In my view, the Dec. 1 story, "PCA issues Minntac discharge permit," contained attempts by the Minnesota Pollution Control Agency to divert attention from more important issues regarding past and future discharges from U.S. Steel's tailings basin to less important ones. Even concerns about high sulfate levels and wild rice expressed by the attorney for the environmental group Water Legacy appeared to be misdirected. Seemingly, the PCA spokesperson successfully dragged the scent of a red herring away from what I feel are more important issues when she said the "PCA was glad to be bringing the half-century-old facility up to modern environmental standards."
Since I was 15 years old, I've fished the Dark River north of Chisholm for brown trout and brook trout in an area known as the "USGS gauging station." It's there where cold water seeping from the former glacial Lake Agassiz landform creates unique refugia that brook trout need to survive. In 1972, when the Minntac tailings basin severed 20 percent of the watershed, the refugia's effect modestly expanded; however, when the PCA gives Minntac its new discharge permit and when Minntac eventually shuts down, the area of cold water significantly will shrink and could put the trout at risk forever.

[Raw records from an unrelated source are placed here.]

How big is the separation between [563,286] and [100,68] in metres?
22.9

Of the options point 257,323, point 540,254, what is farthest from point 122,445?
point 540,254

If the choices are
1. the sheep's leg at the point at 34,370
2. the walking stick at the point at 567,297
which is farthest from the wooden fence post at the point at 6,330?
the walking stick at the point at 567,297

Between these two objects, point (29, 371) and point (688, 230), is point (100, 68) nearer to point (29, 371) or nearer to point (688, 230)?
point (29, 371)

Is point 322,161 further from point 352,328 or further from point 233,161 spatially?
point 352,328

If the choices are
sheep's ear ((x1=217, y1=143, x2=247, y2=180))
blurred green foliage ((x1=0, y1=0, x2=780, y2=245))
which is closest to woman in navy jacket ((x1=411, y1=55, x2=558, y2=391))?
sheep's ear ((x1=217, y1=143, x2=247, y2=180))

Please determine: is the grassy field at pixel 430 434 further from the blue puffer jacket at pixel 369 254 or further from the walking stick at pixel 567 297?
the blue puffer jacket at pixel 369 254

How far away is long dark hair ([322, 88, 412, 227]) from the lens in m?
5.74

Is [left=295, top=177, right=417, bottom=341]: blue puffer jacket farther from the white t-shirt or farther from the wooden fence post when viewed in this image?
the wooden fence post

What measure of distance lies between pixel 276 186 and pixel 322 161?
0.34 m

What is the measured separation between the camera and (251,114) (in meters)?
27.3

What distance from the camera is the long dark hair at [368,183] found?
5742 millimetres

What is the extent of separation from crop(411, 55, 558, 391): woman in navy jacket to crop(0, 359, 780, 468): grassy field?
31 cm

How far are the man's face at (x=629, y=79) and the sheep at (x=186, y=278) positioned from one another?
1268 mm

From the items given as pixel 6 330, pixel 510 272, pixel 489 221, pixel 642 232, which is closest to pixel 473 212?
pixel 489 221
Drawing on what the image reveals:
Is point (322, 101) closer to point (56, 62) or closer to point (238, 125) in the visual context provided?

Mineland Reclamation Rules (Chapter 6130.2200) - unchanged since 1969 and evidently not considered a "modern environmental standard" by the PCA - will require Minntac to reconfigure to the original watershed and discharge warm runoff into the Dark River. Ever since the Dark River Restoration Project (dropped in 2010 after the PCA was a partner), I'm very suspicious of red herrings such as landownership changes or activities on my favorite trout stream miles downstream from the PCA's permit area for Minntac.
David G. Holmbeck
The writer retired from the Minnesota Department of Natural Resources in 2008.